Alexis de Tocqueville, the 19th century social-philosopher (and the only Frenchman that Americans consistently seem to love), marveled in “Democracy in America” at how citizens in the new nation hustled to make a buck. At the same time, he was struck by the equally powerful need that Americans showed to band together, with neighbor helping neighbor.
By rereading portions of De Tocqueville’s masterful analysis, you see that he doesn’t see a conflict between the push to get ahead and the pull of generosity. No, they feed off and reinforce one another. More recently, Yale University economist Robert Shiller made a similar observation. “We trust one another, and not just the government, to make important decisions and to take action,” Shiller wrote in the New York Times. “Self-reliant does not mean selfish: while it is important that we manage our personal finances responsibly, we also have a deep tradition of giving to others.”
I’d go even farther, at least when it comes to personal finances.
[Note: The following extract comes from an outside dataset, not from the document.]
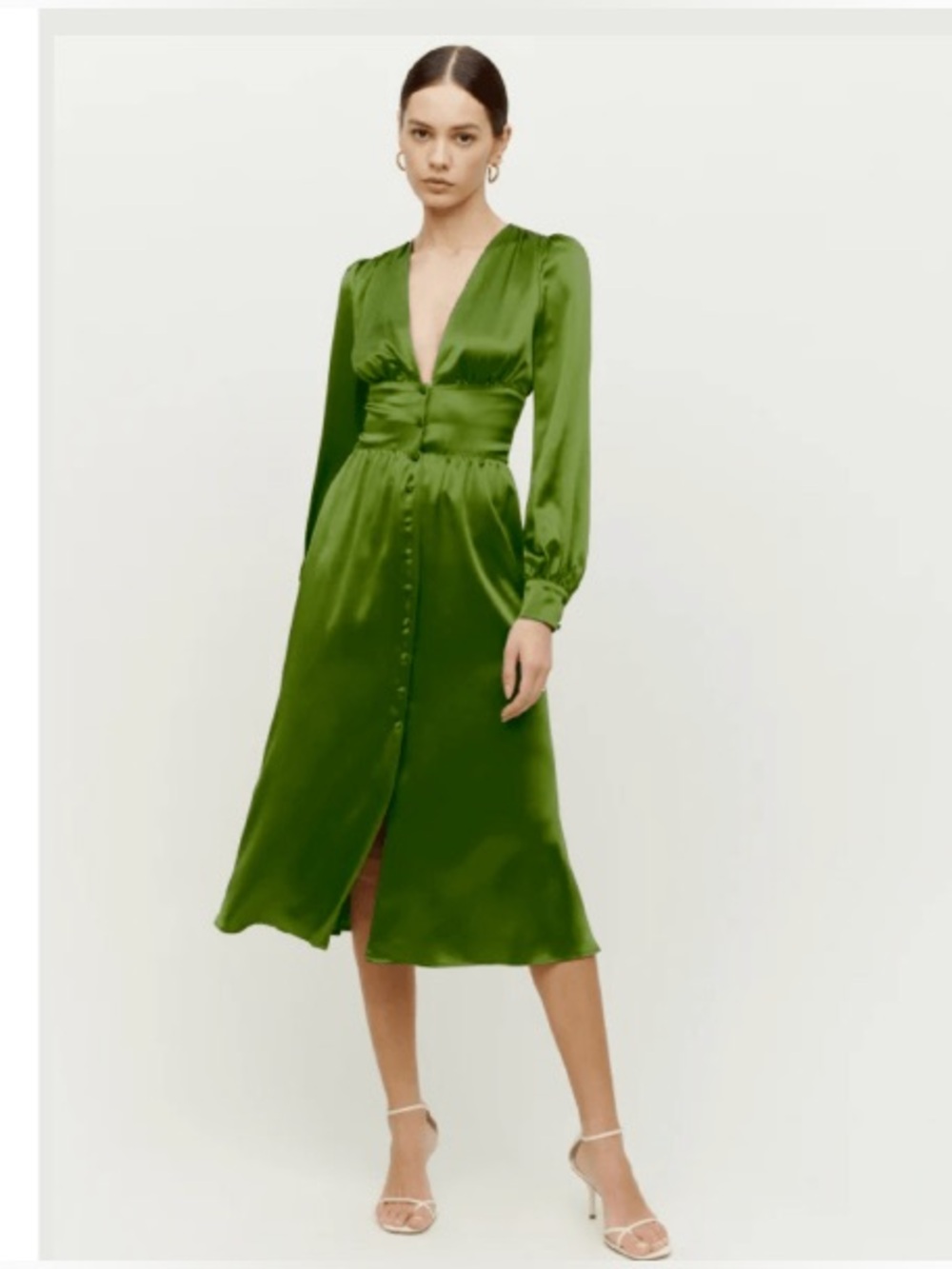 NWOT Reformation Nicola Dress 100% Silk Palm Green Sz 2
Generosity is the key to managing money well over a lifetime. Giving comes before savings and spending, and giving is what leads to smarter saving and spending.
I thought about the links between managing money well and generosity during a recent evening gathering in Minneapolis organized by the Colonnade Group, a team of certified financial planners with Thrivent Financial for Lutherans. The theme of the event was “generous living.” One speaker emphasized the importance of changing our money mind-set from one of scarcity to abundance (a shift that will be helped in my case when our youngest graduates from college next year). The mental shift is a good place to start.
Why is giving vital for managing money well? If you think about it, most discussions about money these days involve tips on saving for retirement, emergency savings, smart debt strategies, paying for college, creating a budget, savvy tax planning and similar financial topics. Giving typically rises to the top of the list during the holiday season and the end of the tax year. Big mistake.
The power of generosity lies in the questions we ask ourselves and our family when we’re giving money away. We think about how we’d like society to be better, about the kind of legacy we’d like to leave behind, about the social and philanthropic causes that move us deeply. These questions and conversations are meaningful. They touch at the core of who we are and who we are trying to be in our everyday lives (often falling short).
Well, why not ask the same questions with spending and saving decisions? With spending, think about the activities and experiences you want to support, that you cherish, and the behavior and products you don’t want to reward. Similarly, save with a conscience. Generosity at the core of household money management reinforces the goal of putting our values behind our spending and saving habits.